I helped with some of the driving, but Jim, who cut his teeth on the German Autobahn, grew impatient. “You drive like an old lady,” he grumbled. This made sense since I picked up most of my long-haul driving skills from my mom, during our many Las Vegas road trips.
Jim taught me how to drive without relying so much on the cruise control. He cautioned me not to hog the left lane and showed me a way to pass other cars quickly and efficiently, just like a race car driver.
As we drove along, the kids kept us entertained with their endless chatter. I don’t have children, so I found them amusing . . . for a while.
But when Connor (age 11) started saying “I like turtles” over and over and over again, and when Ashley (age 8) began screaming louder than a jackhammer, I started to lose it.
Jim saw my dismay and said, “You know, it’s really not so bad when they’re your own.”
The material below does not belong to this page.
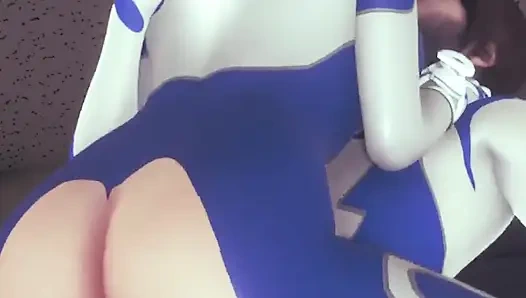 Cewek sange ini dientot habis-habisan sama kontol besar 2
Things eventually calmed down. The driving weather was perfect and we sang along to Johnny Cash, Steve Miller and Harry Chapin.
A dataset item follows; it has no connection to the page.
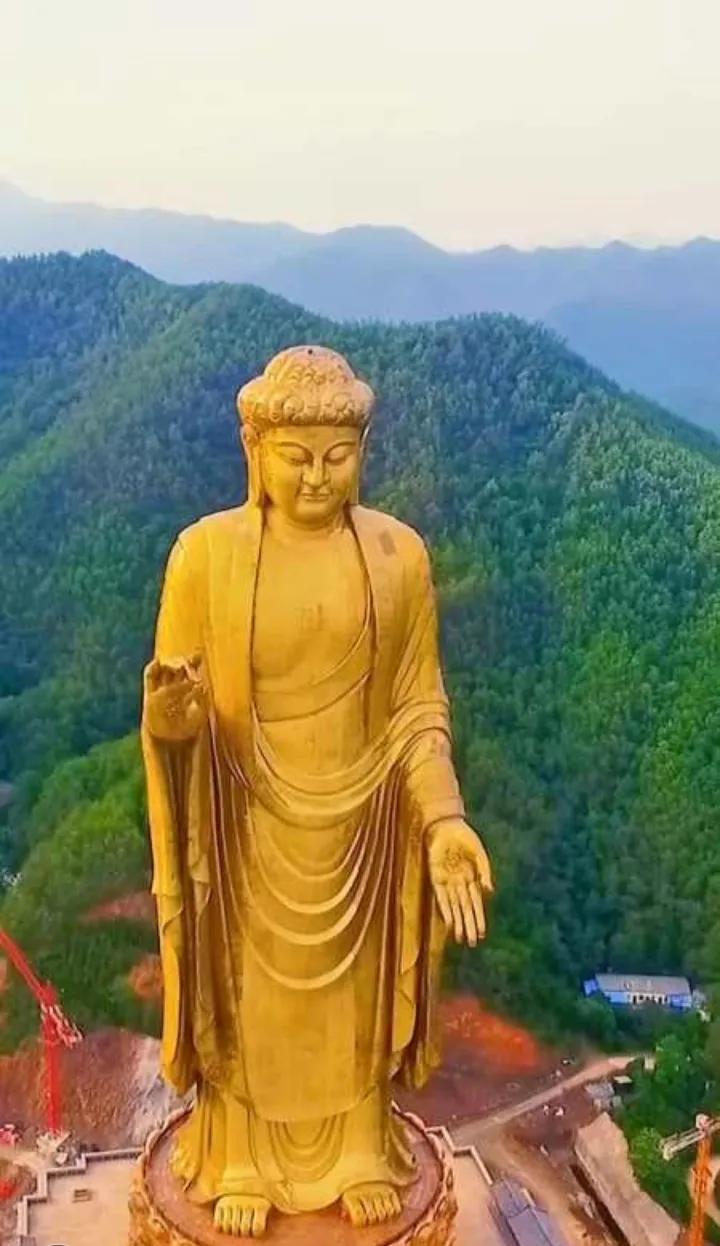 中国十大著名佛像中国十大佛像图片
We relied on a mangled MapQuest printout for navigation because I left the AAA map on the kitchen table. We drove and drove, making only brief pit stops for gas, fast food and mad dashes to the bathroom. We arrived in St. Cloud by nightfall and spent the night in a Best Western Motel.
Early next morning we were back on the road and stopped at S&W Bait and Tackle in Brainerd, MN to buy fishing licenses. They were good for a week and cost $29.50 for an adult and $17 for each child. Jim graciously paid for my license and the clerk handed him a thick, 80-page manual of regulations to read.
We arrived at Leech Lake earlier than expected and had to wait a couple hours for the cabin to be cleaned. We spent that time emptying the truck and piling everything by the front door. Ashley and Connor explored the terrain and made friends with children from a nearby cabin.
I walked around and marveled at the resort’s amenities: Tennis courts, hot tub and floating docks with crisp, new American flags adorning every slip. The resort was managed by Martin and Mary Andreasen and its rustic lodge, graced by tiny, darting hummingbirds, contained souvenirs, tee-shirts, a bar and a satellite TV.
I started making mental calculations and realized that this trip must be costing Jim a fortune. So I took him aside and offered to write him a check to help cover expenses.
“Now you’re insulting me,” he said.
“I just don’t want you to think I’m a freeloader,” I said. “I really do want to pull my weight around here.”
“You are pulling your own weight and then some,” Jim said.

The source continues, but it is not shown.